Verso la sera partimmo, & doppo il cavalcar di sei hore in circa si fermassimo ad’un Villaggio da tre hore; rimontassimo, e nel far del giorno fussimo a vista d’una Agulia gieroglificata, postavi anticamente da Romani; & a mezza mattina arrivassimo alla Matarea, ove la Vergine Maria fuggendo da Betlehem per la persecutione d’Herode, & havendo fatto il longhissimo, e penosissimo viaggio di questo deserto col suo sposo S. Gioseffo, & col diletto suo figliolo nostro Creatore, & Redentore, quì si riposò, ove essendo per gli estremi ardori del Sole assetata, desiderando acqua e miracolosamente l’hebbe da un fonte, che qui scaturi di repente, che fin hora vi si vede, & gode con la meglior acqua, che possa beversi mai. Quì già fu tempo in memoria del fatto era una Chiesa di bella architettura, ma hora è tutta distrutta restandovi solo il fonte, e di più tanto di luogo, quanto basta per quelli, che alcune volte vi vengono per divotione del Cairo a celebrar la S. Messa. Nel muro del luogo istesso v’e una fenestra, nella quale si tiene, che fusse riposto il Sacratissimo bambino. Quì contiguo è un bel giardino pieno d’aranzi, limoni, gelsomini in gran copia, & di molti altri fiori, e frutti, e vi è fra gl’altri un arbore di fico faraone di smisurata grossezza, c’ha il tronco spaccato per mezzo, & si dice che passando di qui la Beata Verg. M. essendo il bosco si folto, che vietava il transito a passageri, detto arbore prevenendo l’ossequio del bosco dovuto alle Maesta passanti s’aperse egli, & lor fece strada. Verdeggia tuttavia quella pianta, & fa frutti, & è tenuta in grande veneratione da tutte le nationi Christiane, & di lei piamente narransi molte altre meraviglie. Vi solevano essere ancora alcune viti produttrici del balsamo, cinte con muro in una parte del giardino: al presente sono ite a male, & inaridite a fatto. Tutto il giardino s’inaffia con un ingegno di rote che aggirate con un paro de bovi, cavano acqua, & la versano ad irrigarlo. Dopò una longa dimora qui fatta comparsero molti Signori mercanti Venetiani, c’havendo presentito l’arrivo della caravana vennero ad incontrare gli amici suoi: & a noi anco, come del paese, fecero molte accoglienze.

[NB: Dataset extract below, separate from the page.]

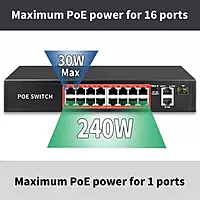 Multybyte 16 Port Full Giga PoE Switch (16Ge+2Ge+1Sfp)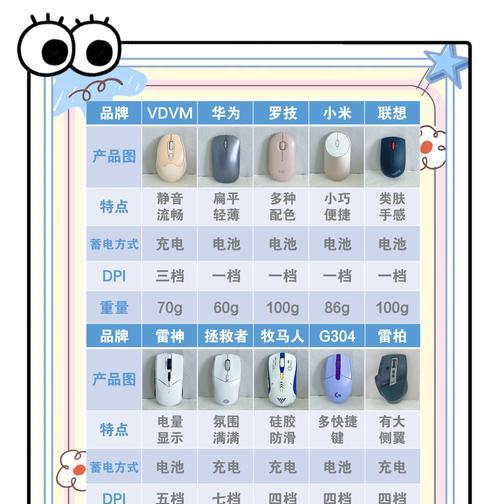 盒装无线鼠标使用方法是什么？如何连接电脑？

Dopò l’abboccamento di cortesia, & alcuni ragionamenti, montassimo sopra asinelli condotti a questo fine, tirando verso la gran Città del Cairo, che di quì distava da quattro miglio intorno. Alla quale il duodecimo di maggio giungessimo, smontando tutti nella casa, ove faceva residenza l’Illustrissimo Sig. Marco Paruta, dignissimo Console per la Serenissima Signoria di Vinegia [240], il quale ricevute da noi le dovute riverentie, & alcune lettere portate, ci raccolse con maniere di singolar gentilezza, & volse che tutti i Pellegrini, & i Padri restassero a disinare seco, ove fussimo alla nobile regalati, pasandola con molti felici ragionamenti, dopo il pranso s’attese a rasettare le bagaglie, & si tolse nella contrada una Casa a pigione; ma questo tosto che’l seppe l’Illustriss. mandò subito il R. suo Capellano, con stretta indispensabile comissione, che il mio compagno, & io ritornassimo, & allogiassimo nella sua propria Casa: il che ci convenne fare, & ci volse sempre alla sua tavola, facendone restar serviti come la sua propria persona.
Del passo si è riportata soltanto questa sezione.